Joseph Aoun, fort de son expérience à la tête de l’armée, incarne cette dernière voie. Conscient des risques d’un affrontement interne, il plaide pour une solution concertée, tenant compte des équilibres fragiles du pays.


Face aux pressions américaines croissantes, le président Aoun tente de défendre une approche graduelle. Il lie le désarmement à une série de conditions sécuritaires, notamment le retrait israélien de cinq collines stratégiques capturées lors du dernier conflit, la cessation des frappes israéliennes, la libération de combattants capturés, et la résolution de plusieurs points frontaliers litigieux.
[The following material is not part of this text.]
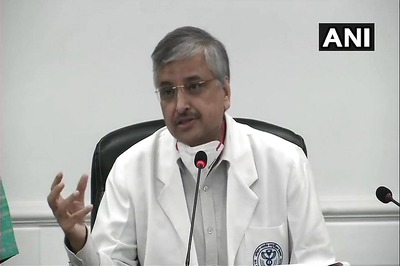 Delhi's Covid Cases Less Than 1K For First Time in 49 Days; AIIMS Director Says Seems Peak Reached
Washington, autrefois intransigeant sous l’administration Trump, semble aujourd’hui plus disposé à écouter Beyrouth. Le nouvel émissaire américain, Thomas Barrack, a transmis un document de travail au président Aoun, contenant des questions ouvertes plutôt que des exigences fermes. Une copie a été remise au Hezbollah, qui s’est engagé à fournir une réponse dans un délai de deux semaines.


En toile de fond, les discussions portent sur un plan progressif : le Hezbollah accepterait de désarmer entièrement au nord du fleuve Litani, en contrepartie de garanties israéliennes et internationales. Déjà, 500 infrastructures militaires ont été remises à l’armée libanaise au sud du fleuve.


Une proposition de calendrier basé sur le principe de simultanéité entre les concessions libanaises et israéliennes est en cours de préparation. Toutefois, l’incertitude demeure : les précédentes tentatives, notamment le désarmement des camps palestiniens prévu pour le 15 juin, sont restées lettre morte.


L’issue de ce processus reste incertaine, mais une chose est sûre : le temps où les armes du Hezbollah bénéficiaient d’un consensus tacite est désormais révolu. L’organisation, autrefois perçue comme un rempart contre l’ennemi israélien, fait désormais face à des interrogations de fond sur sa légitimité, son rôle national, et son avenir dans un Liban qui aspire à retrouver le contrôle exclusif de ses armes – et de sa souveraineté.